• _Directions for this task_
Please restate, exactly, only the lines from the beginning of the listing below through the line containing "pen sits on", with the pictures left out.

• _Recorded data_

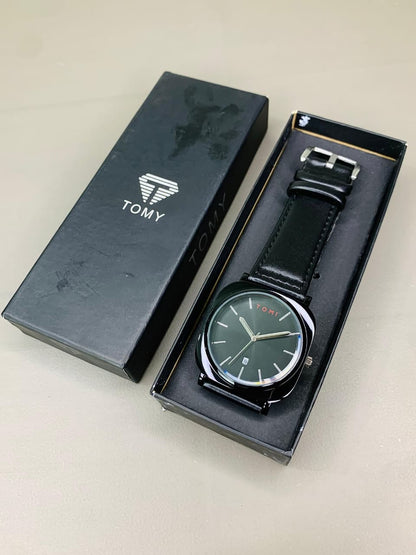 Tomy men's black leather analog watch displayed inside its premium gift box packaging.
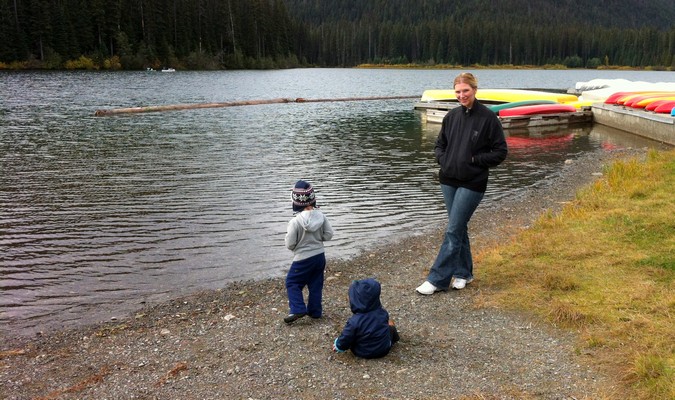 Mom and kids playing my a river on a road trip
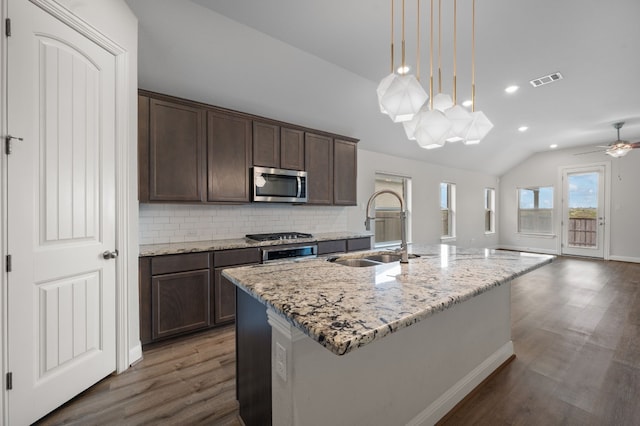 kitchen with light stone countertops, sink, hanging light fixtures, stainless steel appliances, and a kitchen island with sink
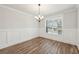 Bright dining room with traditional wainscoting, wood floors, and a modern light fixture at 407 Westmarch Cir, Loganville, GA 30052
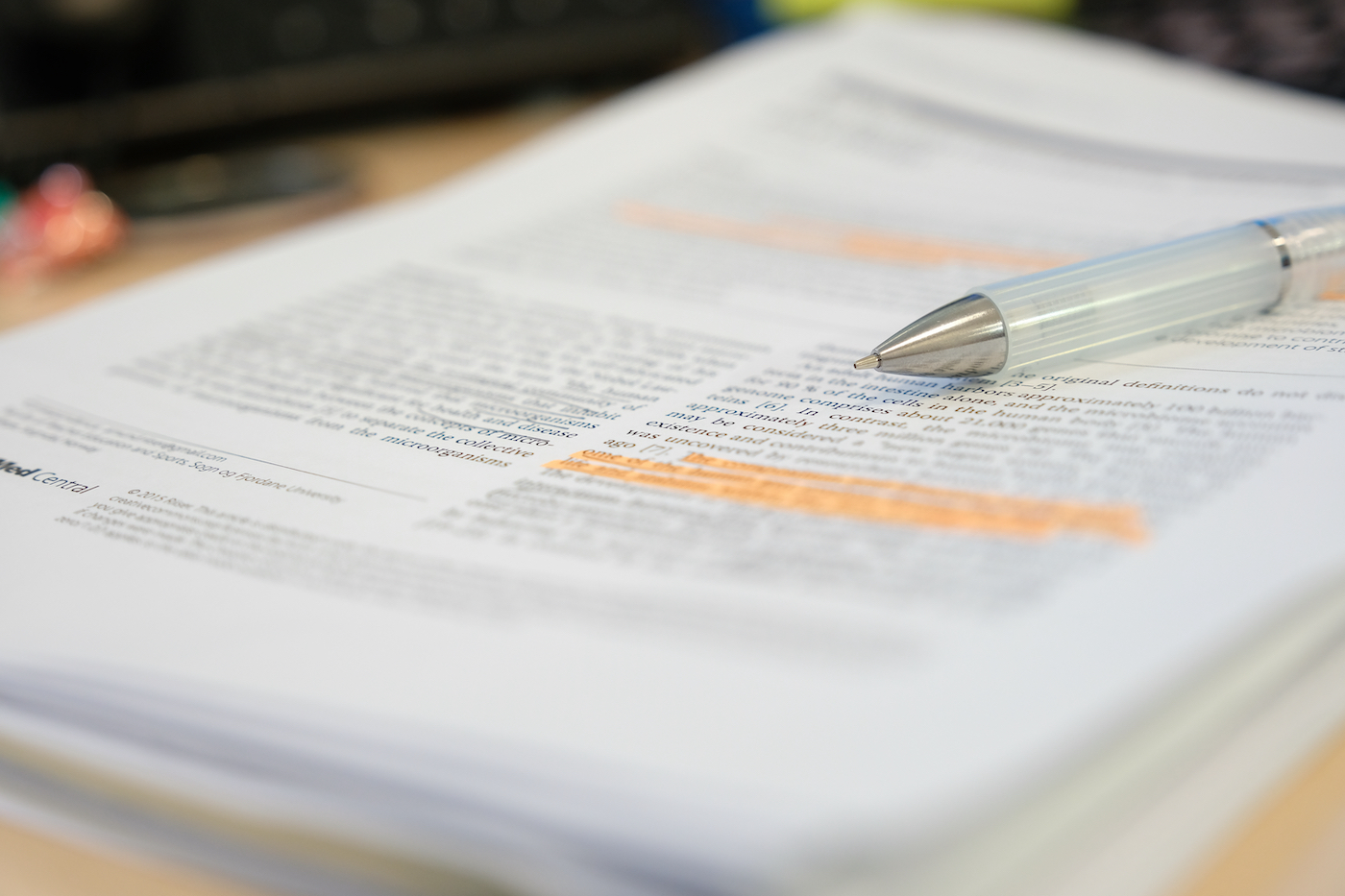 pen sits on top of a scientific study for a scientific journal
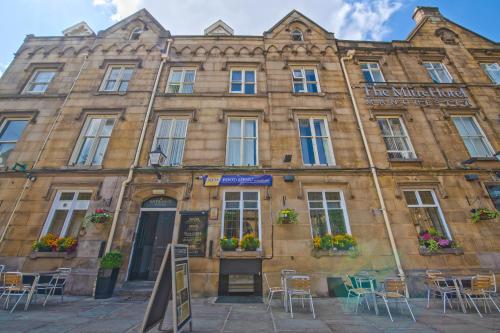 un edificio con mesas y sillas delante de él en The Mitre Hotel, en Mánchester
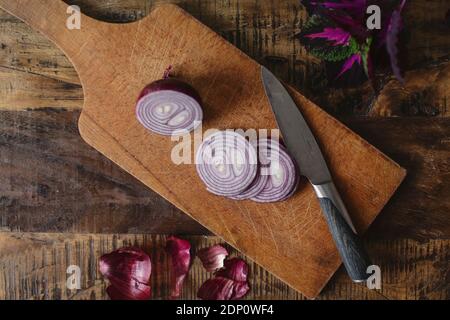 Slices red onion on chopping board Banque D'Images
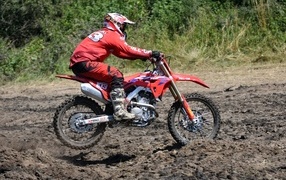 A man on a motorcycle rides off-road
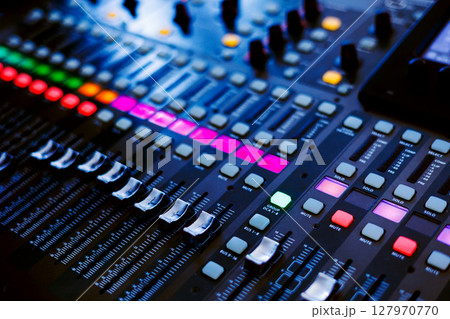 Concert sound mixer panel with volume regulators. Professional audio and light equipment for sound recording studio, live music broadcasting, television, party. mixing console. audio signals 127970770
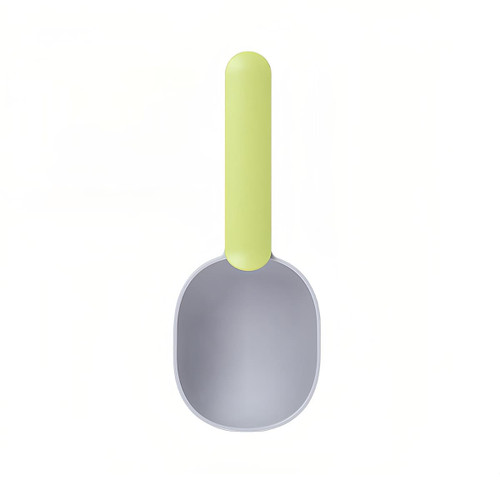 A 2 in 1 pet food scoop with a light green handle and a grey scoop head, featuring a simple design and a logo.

• _Task result_
 Tomy men's black leather analog watch displayed inside its premium gift box packaging.
 Mom and kids playing my a river on a road trip
 kitchen with light stone countertops, sink, hanging light fixtures, stainless steel appliances, and a kitchen island with sink
 Bright dining room with traditional wainscoting, wood floors, and a modern light fixture at 407 Westmarch Cir, Loganville, GA 30052
 pen sits on top of a scientific study for a scientific journal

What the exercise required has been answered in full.